Wall Street Sees a Profitable Year Ahead, as Companies Manage Costs

After nearly two years of economic fears, Wall Street’s expectations for individual businesses’ quarterly results are beginning to shift, with analysts becoming more optimistic about corporate profit in the months ahead.

While estimates for quarterly results often fall as earnings season approaches, analysts have raised their profit forecasts for the first time in two years, according to a FactSet study released Friday.

Holdouts are easy to detect, but Wall Street analysts improved their third-quarter earnings per share projections for the 500 businesses in the S&P 500 Index SPX between July and August, according to the study.

“In fact, this quarter marked the first increase in the bottom-up EPS estimate over the first two months of a quarter since Q3 2021,” noted FactSet Senior Earnings Analyst John Butters in the research.

Earnings per share estimates for the third quarter grew 0.4% from June 30 to August 31, he said. Estimates for the fourth quarter grew by 0.6% for the same time period.

As results dates approach, optimistic expectations fade and financial reality sink in, although the Federal Reserve recently stated that it now expects a “noticeable slowdown” rather than a recession. According to several economists, the August jobs report was just what the Fed needed to conclude its rounds of interest-rate hikes, which it has used to weaken consumer borrowing and spending power and cut inflation.

According to a review of earnings call transcripts, executives are talking less frequently about a recession, according to the FactSet report. Beginning on June 15th,

According to the data, “the number of S&P 500 companies citing’recession’ on earnings calls has declined for four straight quarters” through August 31.

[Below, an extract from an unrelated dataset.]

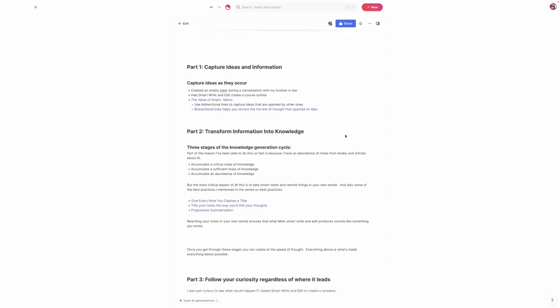One thing that's also very important is that you take information and you convert it into knowledge. That's where things like taking smart notes and progressive summarization came in. But there's another part that is critical to understand why I was able to write this book so fast, and it's what I call the three stages of the knowledge generation cycle in Mem. The critical mass of knowledge is when you start to see the network effects kick in. I define that at roughly 50 Mems. A sufficient mass comes at about 500 Mems, and then abundance like 5,000 plus Mems or 10,000 like I have.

Nonetheless, JPMorgan analysts recently stated that the collective corporate profit forecast for 2024 is “too optimistic.” More pessimistic analysts have pushed back their recession forecasts to next year.

This Week’s Earnings Are as Follows:

According to FactSet, only two S&P 500 businesses will publish quarterly results this week. Docusign Inc. DOCU, +2.72%, Smith & Wesson Brands Inc. SWBI, -0.26%, C3.ai Inc. AI, +0.64%, and Gitlab Inc. GTLB, +3.80% are among the firms reporting earnings this week.

The Appointment You Should Make

Kroger’s thoughts on ‘disinflation,’ consolidation: Kroger Co., a grocery store giant, reports earnings on Friday. As has been the case for the previous year, the figures will focus attention on the ebbs and flows of inflation. Consumers have been squeezed while food producers and grocery shops have profited. Kroger KR, -0.88% announced in June that it has undertaken “targeted” pricing cuts to benefit consumers impacted harder by inflation, allowing it to compete with rival supermarkets while jeopardizing its bottom line. While executives acknowledged that inflation had begun to lessen, they predicted that the spending environment would “remain challenging for our customers as they deal with higher interest rates and an uncertain economic outlook.” Meanwhile, the Kroger-Albertsons Cos. Inc. ACI, +0.27% combination continues to raise concerns about increasing costs, competition, and consumer access.

The Number to Keep an Eye On

GameStop results: Following its quarterly results in June, GameStop Corp. did not host a conference call. However, the tension around the video-game retailer and its stock manifested itself in other ways. In June, GameStop ousted its CEO, and activist investor Ryan Cohen was named executive chairman. It announced the resignation of its chief financial officer in July, who left the company last month. Wedbush analyst Michael Pachter emphasized hardware growth for Nintendo and Sony, as well as a “compelling” software slate, ahead of the company’s second-quarter earnings on Wednesday, and mentioned the company’s nearly $1.3 billion in net cash. He did, however, state that GameStop “appears to have lost market share in recent quarters.”